ELITE COLLEGES OFTEN trumpet their efforts to recruit low-income students -- the trips to the inner-city schools, the special summer programs, the generous aid packages. Last year, Harvard made headlines when it announced that families earning less than $40,000 would no longer have to contribute any money toward their children's education. This March, after student protests, Yale announced that it was following suit with a similar policy.
But how badly do top colleges really want students from "the other half"? According to a new study headed by former Princeton president William G. Bowen, not nearly as badly as they want alumni kids, athletes, and minority students.
In "Equity and Excellence in American Higher Education" (Virginia), Bowen, president of the Mellon Foundation since 1988 (and unofficial nagging conscience of higher education), along with coauthors Martin A. Kurzweil (a Harvard Law student) and Eugene M. Tobin (former president of Hamilton College), demonstrates that poor students are treated exactly like wealthy prep-schooled students by the admissions office. At the 19 selective institutions the authors studied -- ranging from five Ivy League schools to smaller colleges like Bowdoin and Williams and a few "public Ivies" like the University of Virginia -- a poor student with an SAT score of 1200 (under the old scoring system) had almost precisely the same chance of admission as the son of a neurosurgeon with the same score. Many college leaders don't even realize that's the case, the authors say.
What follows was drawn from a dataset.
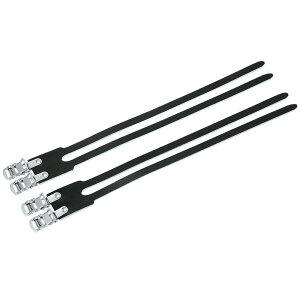 SOMA NVbNWg[Xgbv 440mm ubN gD[Nbv \[}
In contrast, recruited athletes had, on average, a 30 percentage-point admissions advantage (so a student whose grades otherwise gave him a 20 percent chance of getting in leapt up to 50-50 if he'd caught a coach's eye). Black and Latino students had a 28 percentage-point advantage, while legacy students got a 20 percentage-point break. For poor students (who, incidentally, graduate from selective colleges at the same rate as the student body as a whole): nada.
Since poor students are already underrepresented in the applicant pool -- there are six times as many students from the top quartile who get a 1200 on their SAT's as in the bottom quartile - the result is campuses that don't look much like America, class-wise.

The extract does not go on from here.